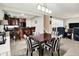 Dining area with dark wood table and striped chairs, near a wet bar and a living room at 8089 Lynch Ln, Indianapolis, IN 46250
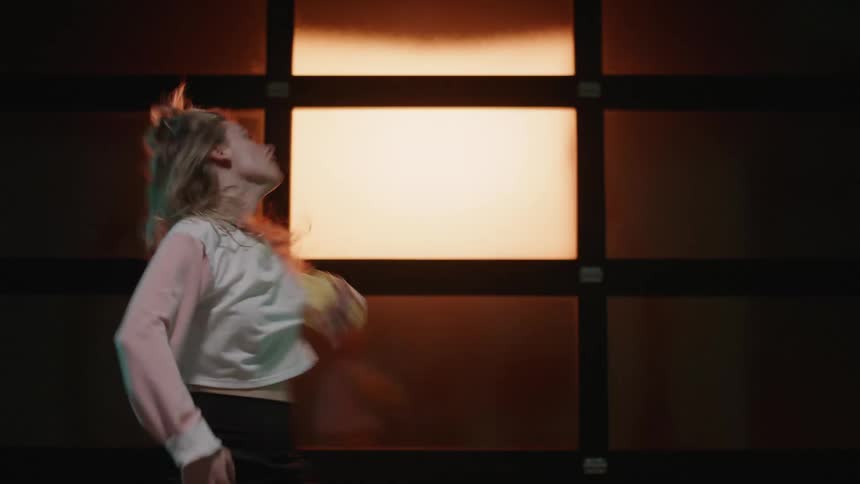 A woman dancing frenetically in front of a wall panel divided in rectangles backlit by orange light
...
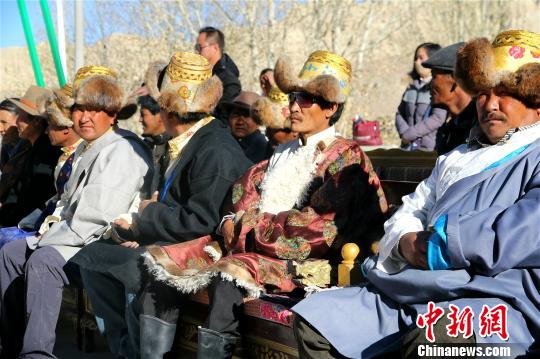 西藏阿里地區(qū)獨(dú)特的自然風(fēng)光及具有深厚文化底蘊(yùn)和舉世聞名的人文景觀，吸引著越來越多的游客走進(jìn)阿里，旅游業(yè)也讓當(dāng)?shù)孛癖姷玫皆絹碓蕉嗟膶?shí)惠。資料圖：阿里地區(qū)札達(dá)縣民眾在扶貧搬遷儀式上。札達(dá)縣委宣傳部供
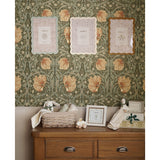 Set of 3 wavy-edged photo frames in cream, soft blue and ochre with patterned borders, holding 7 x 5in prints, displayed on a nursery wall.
==
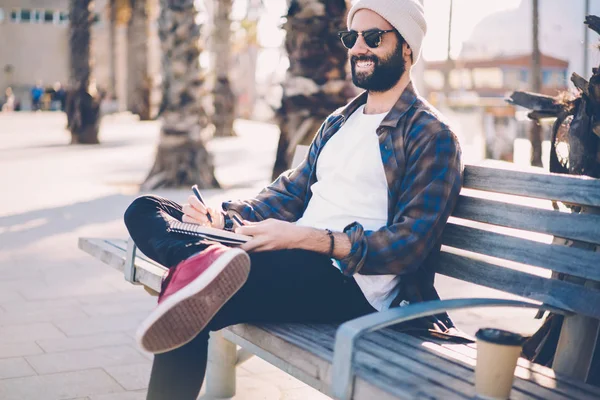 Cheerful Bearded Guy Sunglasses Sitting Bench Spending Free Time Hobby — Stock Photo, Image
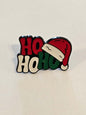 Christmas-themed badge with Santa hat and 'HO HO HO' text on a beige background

> REQUIRED WORK
Would you give again, exactly, the lines in the data above that run from the line containing "Dining area with" to the line containing "A woman dancing"? Include both ends and no pictures.

> ANSWER SPACE
 Dining area with dark wood table and striped chairs, near a wet bar and a living room at 8089 Lynch Ln, Indianapolis, IN 46250
 A woman dancing frenetically in front of a wall panel divided in rectangles backlit by orange light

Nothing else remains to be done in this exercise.